The contracts of Worcester Warriors players and personnel will be terminated as a result of the club being wound up in the High Court.

HMRC has been pursuing Worcester, who had been suspended from all tournaments, for almost £6 million in unpaid tax.

Judge Nicholas Briggs ordered that WRFC Players Ltd, the company that pays the players and staff, be wound up.

The filing of a winding-up petition against WRFC Trading Limited, which is still in administration, has been halted.

The four players who were loaned to Bath on Monday, as well as the rest of the squad, are now free agents and can join with any club.

Scotland and British & Irish Lions winger Duhan van der Merwe has signed for a new club after rejoining Edinburgh.

The Warriors had no representation in court.

The joint hearing for both companies, held at the Royal Courts of Justice in London, was relayed online as a result of the train strike.

“This is the darkest day for English rugby,” said Warriors director of rugby Steve Diamond. “It’s ended up like the Titanic, sadly.

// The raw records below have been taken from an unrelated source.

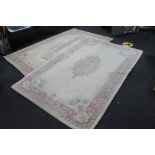 Three floral oriental rugs on cream ground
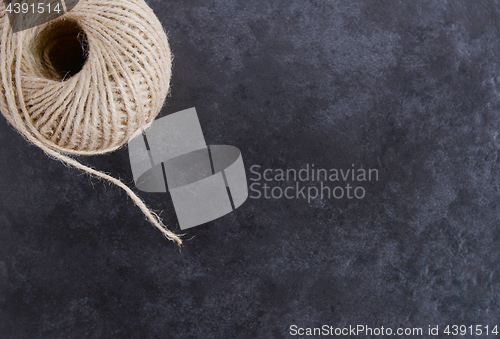 Image of Ball of twine from above, unwinding on grey background 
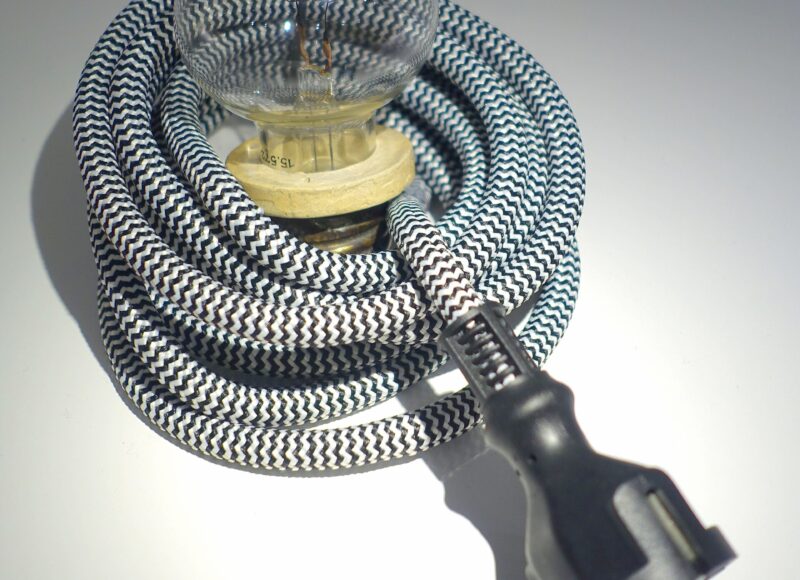 An Edison incandescent electric lamp manufactured in 1881 with carbon filament visible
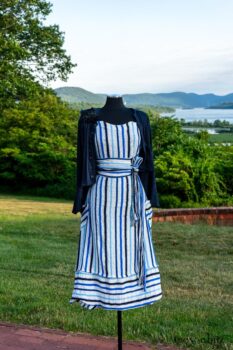 Harrison Frock in Hudson Blue Embroidered Stripe Voile; Porte Cochere Sash in Hudson Blue Embroidered Stripe Voile; Cilla Slip Frock in Peony Soft Ribbed Knit; Crest Jacket in Hudson Blue Soft Ribbed Knit; Soutache Brooch in Black Weaves. Ivey Abitz at Boscobel House and Gardens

The ship has sunk, the captains are nowhere to be seen.”

All WRFC Players Ltd debts, including the estimated £6 million owed to HMRC, remain unpaid.

The club also owes a reported £15m, considered to be the highest portion, as part of a total £124m loaned out to Premiership clubs by the Department for Culture, Media, and Sport as sports survival payments during the height of the Covid pandemic.

The ground and the club are owned by WRFC Trading Ltd, which went bankrupt on Monday, becoming the first to do so since Richmond in 1999.

Much of the surrounding acreage is now owned by other enterprises co-owned by Jason Whittingham and Colin Goldring.

Begbies Traynor, the administrators appointed to handle the club’s WRFC Trading Ltd wing, will continue to handle that phase of the process.

However, all contracts for players, backroom staff, administrative personnel, and the women’s squad that play under the University of Worcester Warriors brand have been effectively cancelled.

Some employees are still due 35% of their August salary, while others were not paid at all, and no one was paid in September.